Glosse: Emoji-Exzess? Bitte nicht!
Ein Totenkopf, ein lachendes Emoji und Feuer: Kürzlich wurde ich darüber aufgeklärt, dass diese Emoji-Kombination nicht Ausdruck kollektiver Verzweiflung ist, sondern bedeutet: „Ich lach mich tot, das ist unfassbar lustig!“ Der Totenkopf steht nicht für Tod, sondern für „I’m dead“ – also: totgelacht. Kombiniert mit Tränen, Lachen und Feuer ergibt das: absolute Eskalation.
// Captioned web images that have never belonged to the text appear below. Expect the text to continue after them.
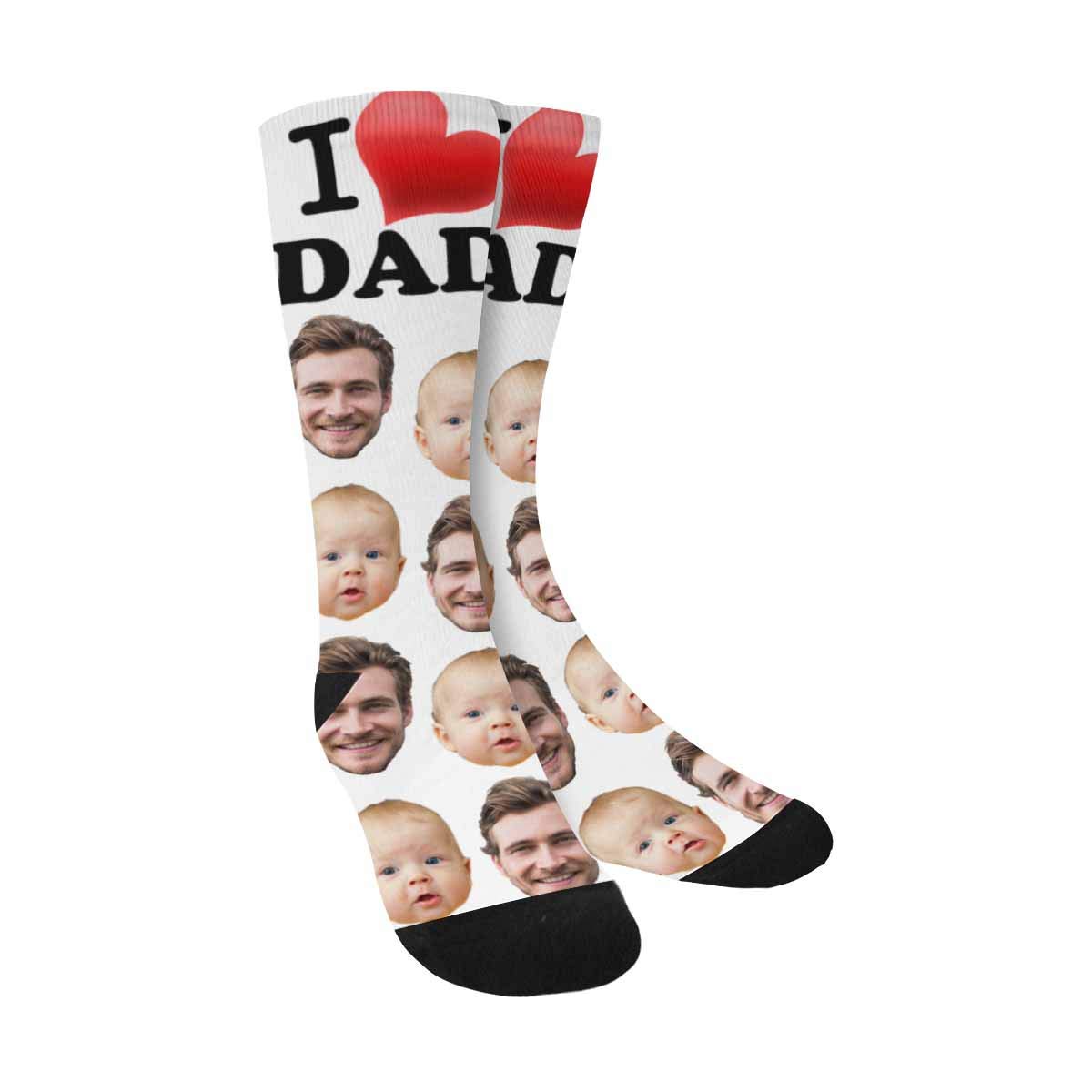Custom Photo Socks - Personalized Face Socks for Dad | I Love Dad Printed Crew Socks | Unique Father's Day Gift for Men | Perfect for Holidays, Birthdays & Special Occasions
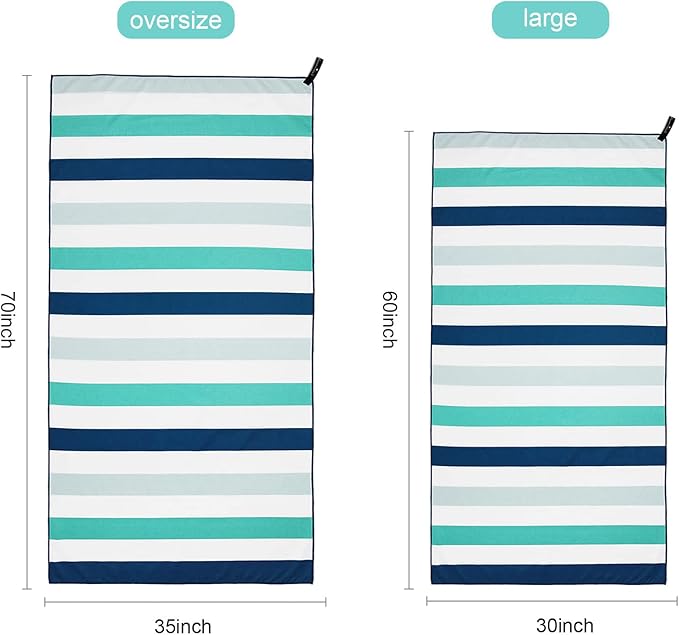 Exclusivo Mezcla 2 Pack Microfiber Quick Dry Beach Towels, Oversized Lightweight Sandfree Pool Towels for Swimming Camping Travel with Bagn (Green and Purple, 35x70 Inches)
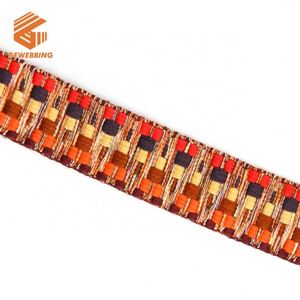 Factory 38mm Colorful National Style Woven Polyester Cotton Jacquard Webbing for Shoes Bag in Stock - Product Image 3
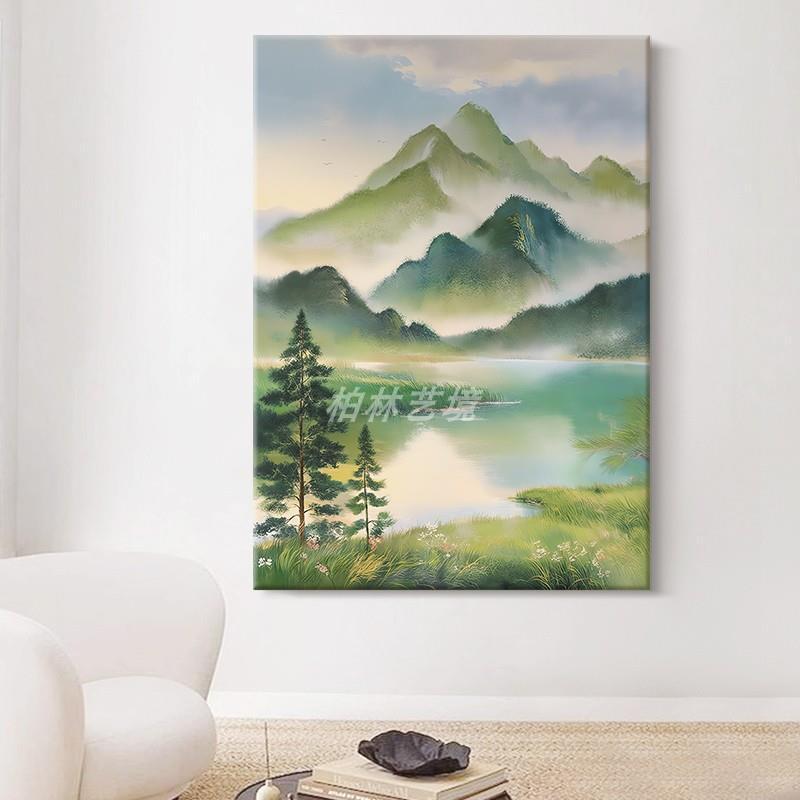 客厅青山绿水装饰壁画玄关抽象风景手绘油画中国水墨意境丙烯挂画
Ich hätte es etwas anders interpretiert. Dachte an einen dramatischen Zwischenfall. Aber gut – man lässt sich gerne belehren. In meinem Fall durch die Tochter (25), die meinen üppigen Emoji-Stil (viele Bussi-Smileys und Blumen) so kommentiert: „Tja. Typisch Boomer!“ Die würden nämlich zum „Feuerwerk an Symbolik“ neigen – heißt: zu viele Herzen, Rosen, Sektgläser. „Die ganze Palette ausnutzen, geht gar nicht“, werde ich ermahnt. Mein Einspruch: „Aber das rote Herz – ein Klassiker.“
Nix da, höre ich: „Eh. Aber es erinnert an Zwölfjährige, die seit zwei Tagen ,zusammen‘ sind und nach jeder Nachricht ein Herz schicken müssen. Wenn mal keins kommt – Krise.“ Mein leiser Einwurf: „Manche Erwachsene tun das auch“ hat wenig Gewicht: „Boomer. Sag’ ich doch.“
Und was rät sie mir nun? „Weniger ist mehr, Mama.“ Wenn ich was lustig finde, dann sollte ich einfach hahahaha schreiben – ohne Emoji. „Das reicht.“ Aha. Nur Text, ohne Beilage. Ich bleibe trotzdem dabei: Eine elegant gesetzte Rose kann Wunder wirken.